**TASK TO CARRY OUT**
From the line that contains "Graduation Guest Signing" down to the last line of the entries, repeat every line exactly. Do not carry over the pictures.

**TASK MATERIAL**
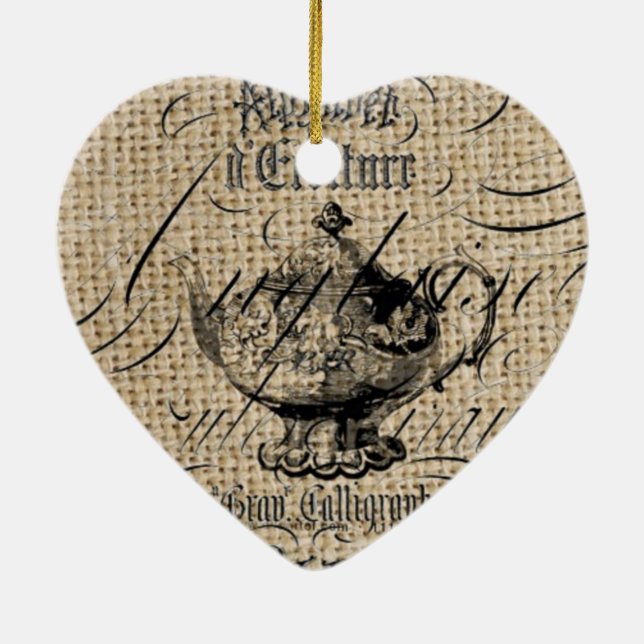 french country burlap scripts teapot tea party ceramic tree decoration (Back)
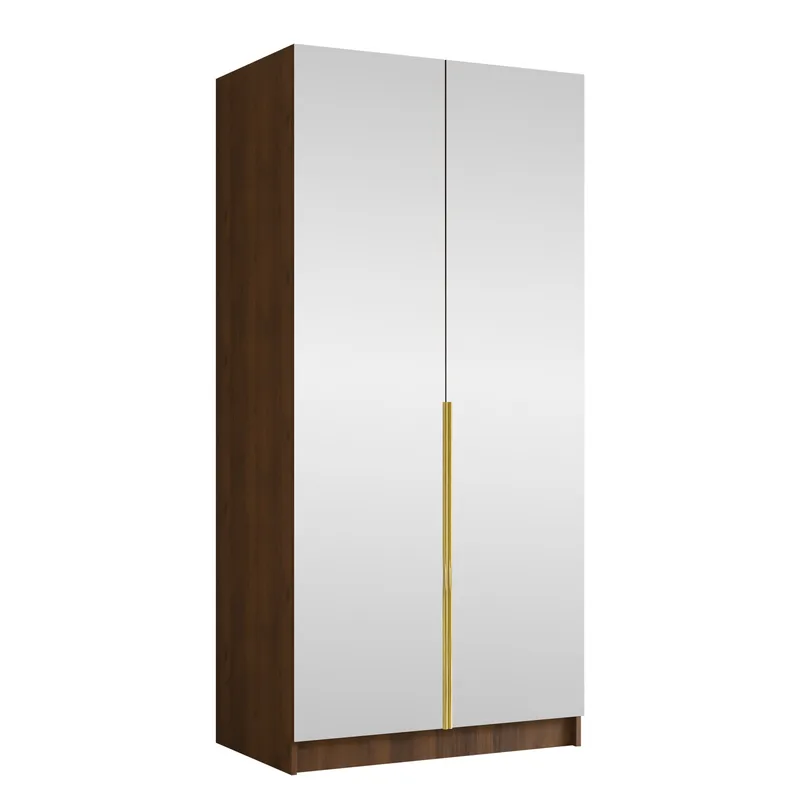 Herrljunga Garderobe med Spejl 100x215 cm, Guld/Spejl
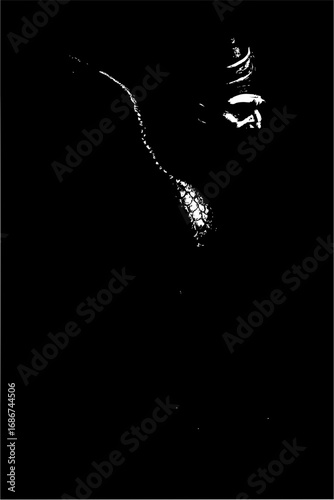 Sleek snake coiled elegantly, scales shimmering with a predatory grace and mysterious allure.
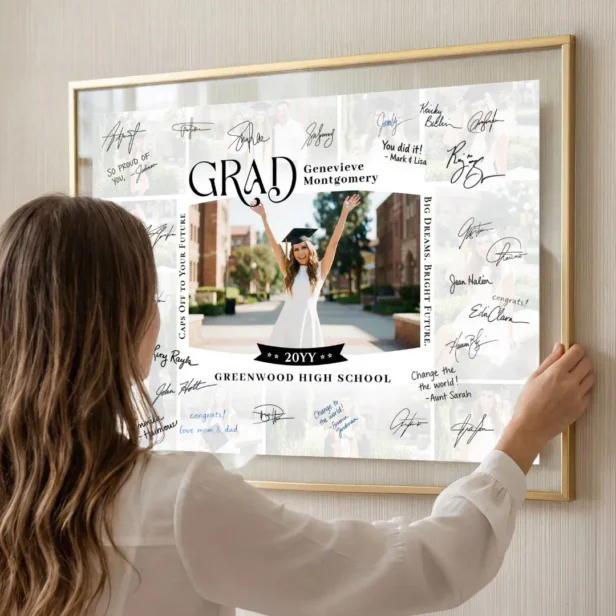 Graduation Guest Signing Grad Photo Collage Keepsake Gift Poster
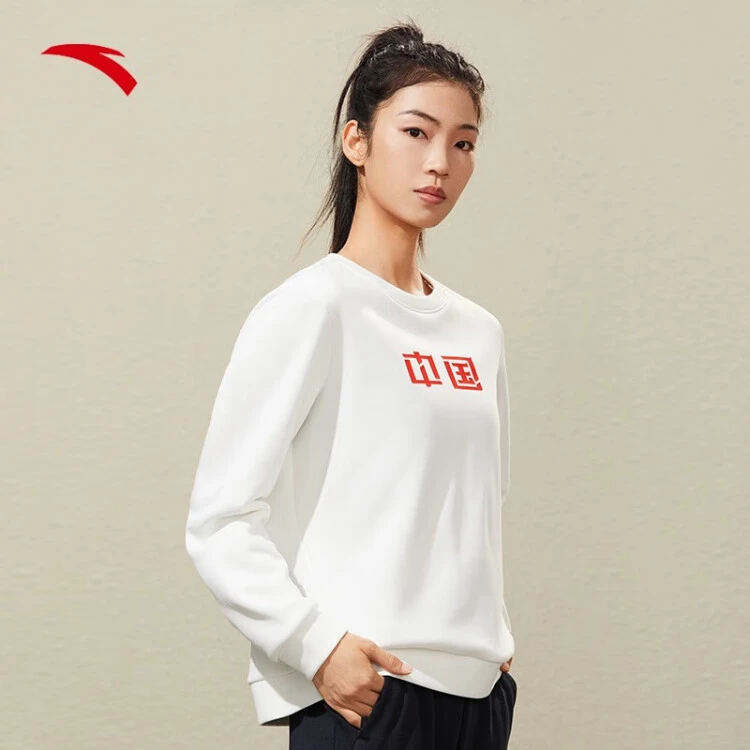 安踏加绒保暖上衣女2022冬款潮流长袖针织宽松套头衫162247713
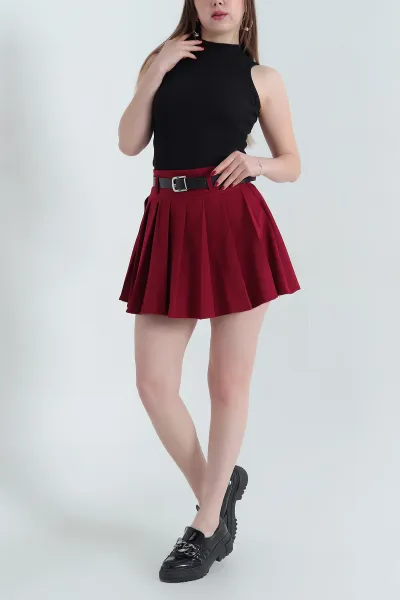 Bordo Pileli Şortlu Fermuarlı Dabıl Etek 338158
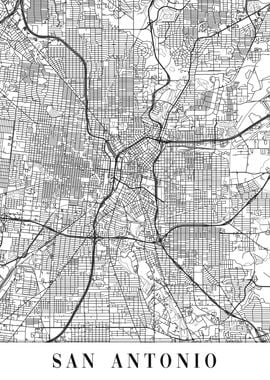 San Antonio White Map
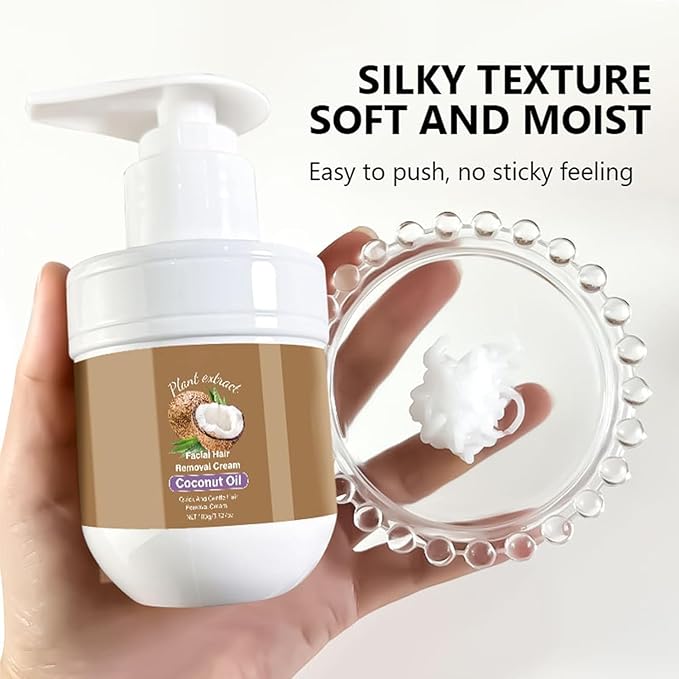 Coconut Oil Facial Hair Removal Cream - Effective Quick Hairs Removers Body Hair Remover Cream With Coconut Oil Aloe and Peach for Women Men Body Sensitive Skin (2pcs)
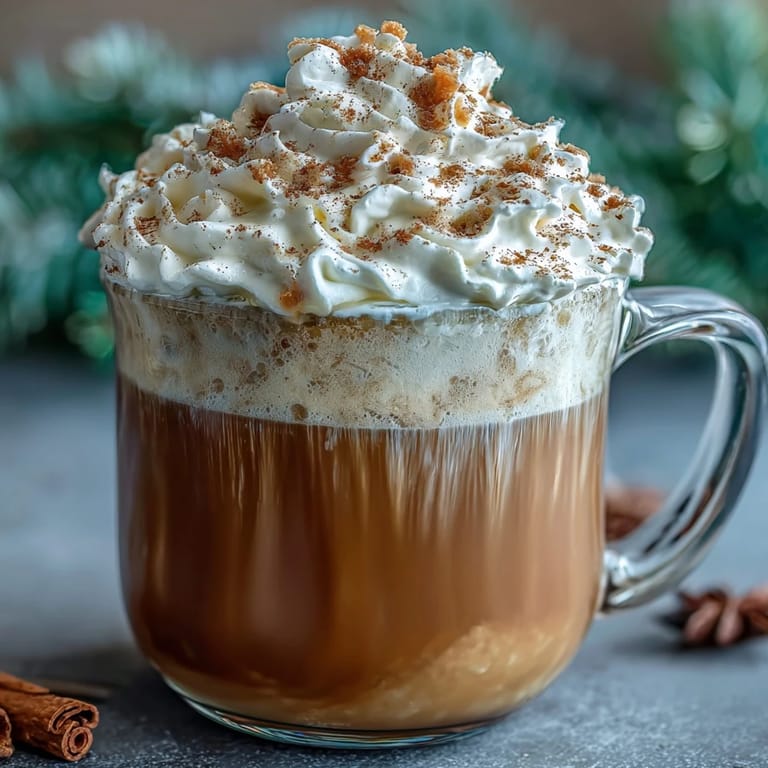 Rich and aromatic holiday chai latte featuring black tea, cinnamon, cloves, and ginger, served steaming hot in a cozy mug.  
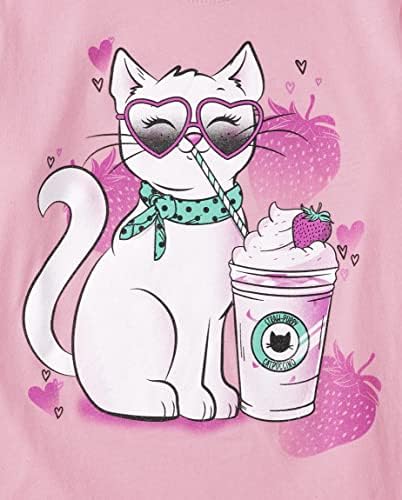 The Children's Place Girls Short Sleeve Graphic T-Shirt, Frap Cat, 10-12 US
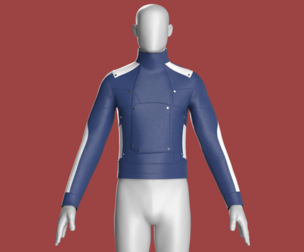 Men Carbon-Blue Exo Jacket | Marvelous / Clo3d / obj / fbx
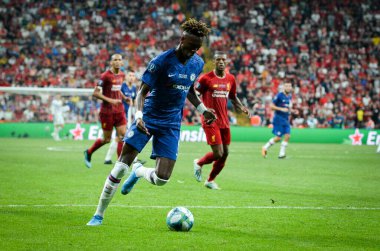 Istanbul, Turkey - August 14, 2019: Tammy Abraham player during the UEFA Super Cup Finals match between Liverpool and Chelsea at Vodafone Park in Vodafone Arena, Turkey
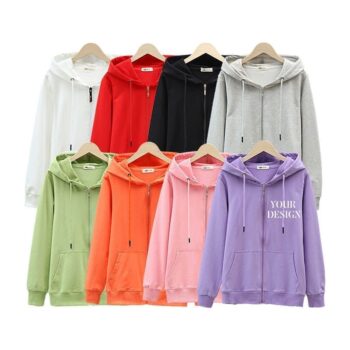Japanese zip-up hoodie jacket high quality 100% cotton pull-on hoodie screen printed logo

**EXERCISE RESPONSE**
 Graduation Guest Signing Grad Photo Collage Keepsake Gift Poster
 安踏加绒保暖上衣女2022冬款潮流长袖针织宽松套头衫162247713
 Bordo Pileli Şortlu Fermuarlı Dabıl Etek 338158
 San Antonio White Map
 Coconut Oil Facial Hair Removal Cream - Effective Quick Hairs Removers Body Hair Remover Cream With Coconut Oil Aloe and Peach for Women Men Body Sensitive Skin (2pcs)
 Rich and aromatic holiday chai latte featuring black tea, cinnamon, cloves, and ginger, served steaming hot in a cozy mug.  
 The Children's Place Girls Short Sleeve Graphic T-Shirt, Frap Cat, 10-12 US
 Men Carbon-Blue Exo Jacket | Marvelous / Clo3d / obj / fbx
 Istanbul, Turkey - August 14, 2019: Tammy Abraham player during the UEFA Super Cup Finals match between Liverpool and Chelsea at Vodafone Park in Vodafone Arena, Turkey
Japanese zip-up hoodie jacket high quality 100% cotton pull-on hoodie screen printed logo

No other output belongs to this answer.